Task requirements → Print exactly the lines that run from the opening line of the material through the line with "Servilleta decoupage: Flores", and nothing else, leaving out pictures.

Information supplied →
────────────────────
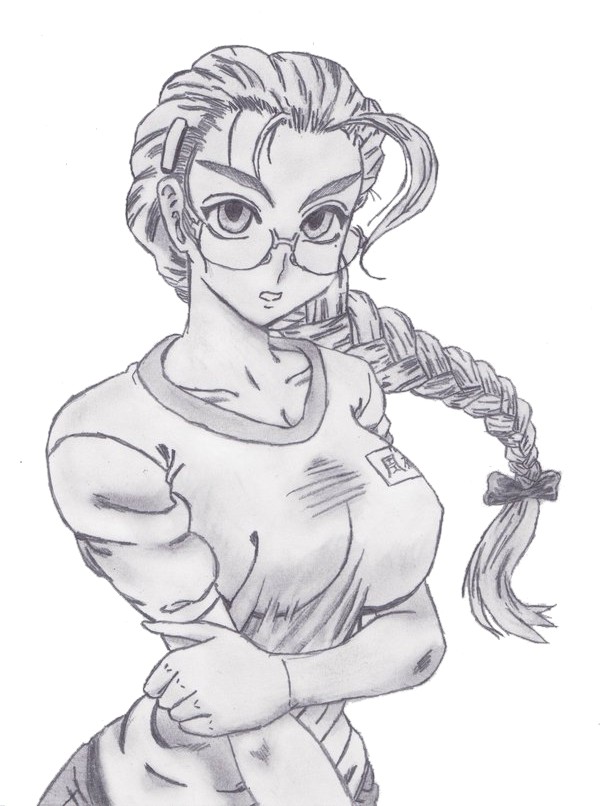 furinji miu, shijou saikyou no deshi ken'ichi, 00s, 10s, 1girl, breasts, female focus, glasses, greyscale, hair ornament, hairclip, large breasts, mole, mole under eye, monochrome, ponytail, sketch, solo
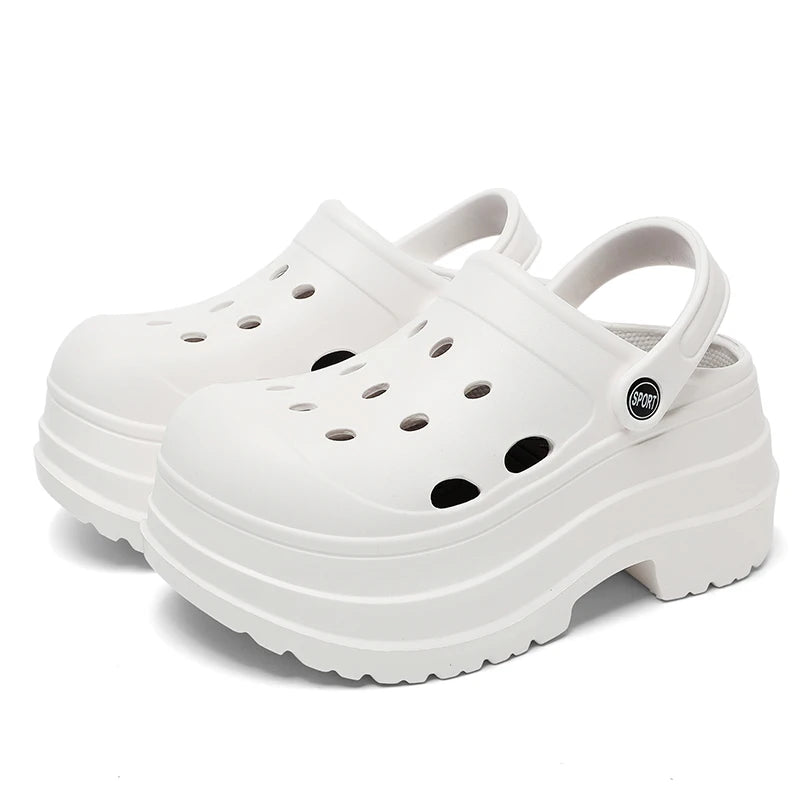 9cm Chunky Platform Clogs Sandals Women 2024 New Beach Hollow Out Sandals Shoes Woman Summer Closed Toe Wedge Heels Slippers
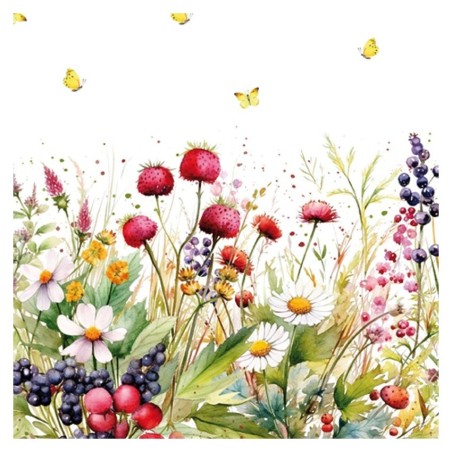 Servilleta decoupage: Flores y Bayas. 33x33cm | L'aura Bella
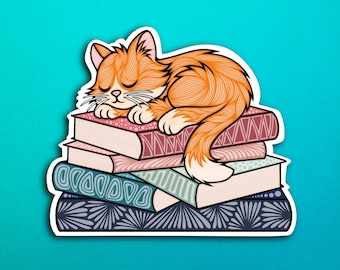 Sleepy Orange Cat Book Sticker (WATERPROOF)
────────────────────
Exercise response →
 furinji miu, shijou saikyou no deshi ken'ichi, 00s, 10s, 1girl, breasts, female focus, glasses, greyscale, hair ornament, hairclip, large breasts, mole, mole under eye, monochrome, ponytail, sketch, solo
 9cm Chunky Platform Clogs Sandals Women 2024 New Beach Hollow Out Sandals Shoes Woman Summer Closed Toe Wedge Heels Slippers
 Servilleta decoupage: Flores y Bayas. 33x33cm | L'aura Bella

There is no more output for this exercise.